Yeni hükümeti kurmaya yönelik istişarelere dün başlayan Ahnuş, bu kapsamda Asalet ve Çağdaşlık Partisi (PAM) Genel Sekreteri Abdullatif Vehbi, İstiklal Partisi'nin Genel Sekreteri Nizar Bereke, Sosyalist Birlik Partisi Genel Sekreteri İdris Leşkur, Halk Hareketi Genel Sekreteri Muhanned el-Unsur ile bir araya geldi.
Görüşme sonrası basına bilgi veren Vehbi, Ahnuş ile koalisyon hükümeti imkanları konusunda görüş alışverişinde bulunduklarını söyledi.
Partisinin koalisyona ilişkin ciddi olumlu işaretler aldığını kaydeden Vehbi, ortak bir anlayış oluşturulması yönünde diyaloğun sürdürülmesi için çalışacaklarını dile getirdi.
İstiklal Partisinin Genel Sekreteri Bereke de Ahnuş'un teklifini görüşeceklerini, görevlendirilen başbakan ile gelecek hükümet programının çoğunluğu oluşturacak partilerin seçim programlarında yer alan taahhütlerin birçoğunu içermesi hakkında önemli istişareler yapılacağını vurguladı.

PJD muhalefet kanadında
Seçim sonuçlarının açıklanmasının ertesi günü, Adalet ve Kalkınma Partisi (PJD), "muhalefet saflarına geçme kararı aldıklarını" duyurdu.
Fas'ta seçimleri kaybeden koalisyonun büyük ortağı PJD yönetimi, sorumluluğu üstlendi ve 9 Eylül'de Genel Sekreter Saadeddin el-Osmani ve Genel Sekreterlik üyeleri istifa etti. Ayrıca partiye seçimin kapsamlı bir şekilde değerlendirilmesi ve uygun kararlar alması için 18 Eylül'de olağanüstü kongre yapma çağrısında bulundu.

Asalet ve Çağdaşlık Partisi mi yoksa İstiklal Partisi mi?

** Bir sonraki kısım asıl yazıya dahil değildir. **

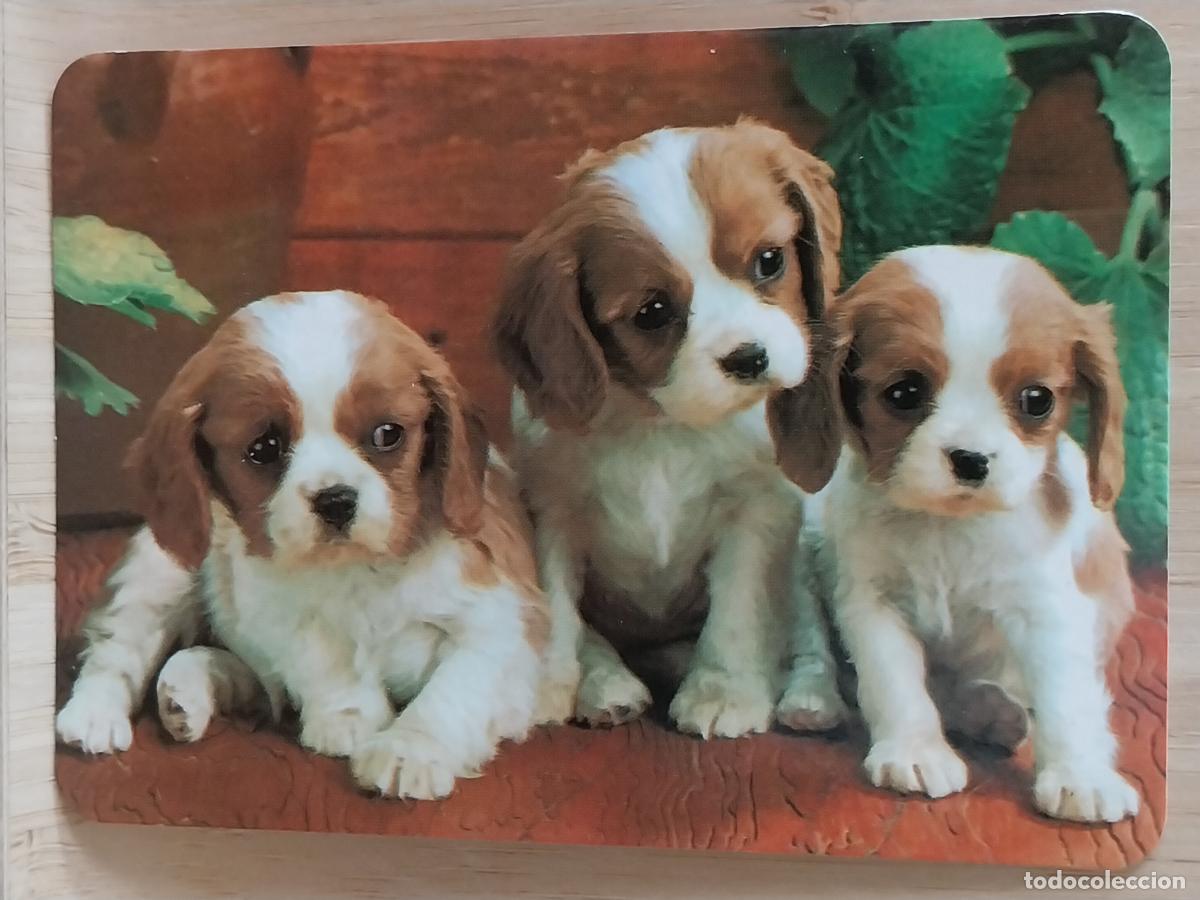 Coleccionismo Calendarios: BEAGLES CACHORROS CALENDARIO 2000 PUBLI *** PINTURAS PIZARRO *** REF BO 572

Birinci Hasan Üniversitesi Siyasi Bilimler Bölümü Öğretim Görevlisi Abdulhafiz el-Yunusi, Kral 6. Muhammed'in Ahnuş'a hükümeti kurma görevini vermesinin ardından halihazırda istişare sürecinin yapıldığını söyledi.
"Gerçeğe en yakın senaryo, Ahnuş'un 2016 yılındaki parlamento seçimlerinin ardından müzakere ettiği eski müttefikleri Halk Hareketi, Sosyalist Birlik Partisi ve Anayasal Birlik Partisi'ni dahil ettiği bir hükümet oluşturulmasıdır" diyen Yunusi, ancak Ahnuş'un toplamda 184 milletvekili olan bu partilerle rahat bir çoğunluk oluşturamayacağını, bu nedenle seçimlerde 86 milletvekili çıkaran Asalet ve Çağdaşlık Partisi ile 81 sandalyeye sahip İstiklal Partisi arasında seçim yapmak zorunda kalacağını aktardı.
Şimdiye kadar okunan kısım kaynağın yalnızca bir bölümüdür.